Person re-identification, aiming to identify the same pedestrian images across disjoint camera views, is a key technique of intelligent video surveillance. Although existing methods have developed both theories and experimental results, most of effective ones pertain to fully supervised training styles, which suffer the small sample size (SSS) problem a lot, especially in label-insufficient practical applications. To bridge SSS problem and learning model with small labels, a novel semisupervised co-metric learning framework is proposed to learn a discriminative Mahalanobis-like distance matrix for label-insufficient person re-identification. Different from typical co-training task that contains multiview data originally, single-view person images are firstly decomposed into pseudo two views, and then metric learning models are produced and jointly updated based on both pseudo-labels and references iteratively. Experiments carried out on three representative person re-identification datasets show that the proposed method performs better than state of the art and possesses low label sensitivity.

1. Introduction

Person re-identification (re-id), namely, seeking occurrences of a query person (probe) from person candidates (gallery), is a hot-spot and challenging topic of intelligent video surveillance [1, 2], which also underpins many crucial multimedia applications, such as person retrieval [3, 4], long-term pedestrian tracking [5, 6], and cross-view action analysis [7]. The main challenge of re-id can be concluded as intrapersonal visual variations across multicamera views even larger than interpersonal ones, due to the significant changes in viewpoints, illuminations, body poses, and background clutters (see Figure 1). Moreover, traditional biometrics, such as gait and face, are unreliable to be exploited especially in uncontrolled practical environment; thus researchers always carry out person re-identification task based on body appearance characteristics. Current person re-identification methods have been primarily introduced to two aspects: feature construction and learning, or subspace/metric learning. Due to more and more attention from computer vision and machine learning fields in recent years, researchers bring great improvements on both theories and experimental results of person re-identification study.(i)Feature construction and learning aim at designing or studying discriminative appearance descriptions [820] that are robust for distinguishing different pedestrians across arbitrary cameras. However, hand-crafted feature construction is extremely challenging due to miscellaneous and complicated variations. Therefore, feature learning based on salience model, deep neural network, and so forth becomes popular approaches to practice better feature representation.(ii)Subspace and metric learning aims at seeking a proper subspace or distance measure by Mahalanobis-like metric learning [2130]. Given a set of person image pairs, metric learning based methods are to learn an optimal positive semidefinite matrix for the validity of metric that maximizes the probability of true matches pair having smaller distance than wrong match pairs.

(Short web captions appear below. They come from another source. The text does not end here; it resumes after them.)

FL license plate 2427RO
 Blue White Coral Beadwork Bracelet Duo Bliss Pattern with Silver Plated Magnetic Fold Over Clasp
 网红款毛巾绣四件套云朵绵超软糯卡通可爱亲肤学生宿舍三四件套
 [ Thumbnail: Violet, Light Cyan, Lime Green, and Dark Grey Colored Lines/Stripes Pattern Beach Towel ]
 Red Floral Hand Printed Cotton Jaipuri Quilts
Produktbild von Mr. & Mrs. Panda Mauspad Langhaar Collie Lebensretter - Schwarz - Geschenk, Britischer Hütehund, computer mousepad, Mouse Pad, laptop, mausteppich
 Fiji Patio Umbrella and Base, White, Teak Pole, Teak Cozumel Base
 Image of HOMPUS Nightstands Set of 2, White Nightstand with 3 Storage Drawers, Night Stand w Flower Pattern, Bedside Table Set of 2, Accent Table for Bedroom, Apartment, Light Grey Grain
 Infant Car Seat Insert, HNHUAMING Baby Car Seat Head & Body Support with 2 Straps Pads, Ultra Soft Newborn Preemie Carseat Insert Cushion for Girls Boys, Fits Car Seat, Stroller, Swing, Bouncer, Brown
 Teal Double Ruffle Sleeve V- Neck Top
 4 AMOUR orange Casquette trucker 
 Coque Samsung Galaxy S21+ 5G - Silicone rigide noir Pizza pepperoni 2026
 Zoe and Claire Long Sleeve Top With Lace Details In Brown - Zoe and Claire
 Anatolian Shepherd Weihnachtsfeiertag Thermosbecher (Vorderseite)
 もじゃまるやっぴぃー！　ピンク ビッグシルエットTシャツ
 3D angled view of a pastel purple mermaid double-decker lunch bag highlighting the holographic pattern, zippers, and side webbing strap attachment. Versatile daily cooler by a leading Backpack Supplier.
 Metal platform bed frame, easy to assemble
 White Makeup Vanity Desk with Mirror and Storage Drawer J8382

Whether feature learning or metric learning methods, state of the art usually exploits the characteristics of labelled training data as far as possible, which typically pertains to fully supervised method. However labels are always insufficient in practical applications, resulting in the number of labelled training samples even smaller than that of feature dimensions, namely, small sample size (SSS) problem [31] that is a core challenge of learning based person re-identification. To solve the SSS issue, there are many training styles designed for noisy learning and inadequate supervision [32], and co-training is always one of the most important paradigms that is still vibrant for multiview learning [33]. Therefore, motivated by semisupervised co-training [34], we propose a novel co-metric learning framework for person re-identification to bridge the inadequate labelled data and metric learning model.

In a typical co-training work, training data is adopted to study classification models in two views separately, whereas the updates of models benefit from each other's views. However, different from applications where data is collected from multimodal sources, person re-identification datasets are commonly presented as single-view pedestrian images. In that case, the core difficulty of applying co-training paradigm in person re-identification community comes at learning and updating a model in single view. As we know, the features in higher dimension own more useful information but larger noise, such that dimension reduction is always necessary for feature extraction. If we decompose the high-dimension features into two views before dimension reduction, it is probably to produce different but effective descriptions in pseudo two views for our co-metric learning framework. Therefore, we firstly present a binary-weight learning method for splitting the single-view representation to pseudo two views automatically, and then two metric learning models are studied, respectively, in each view for matching the unlabelled training samples; finally metrics benefit each other and meanwhile are jointly updated based on the ranking list of unlabelled samples iteratively.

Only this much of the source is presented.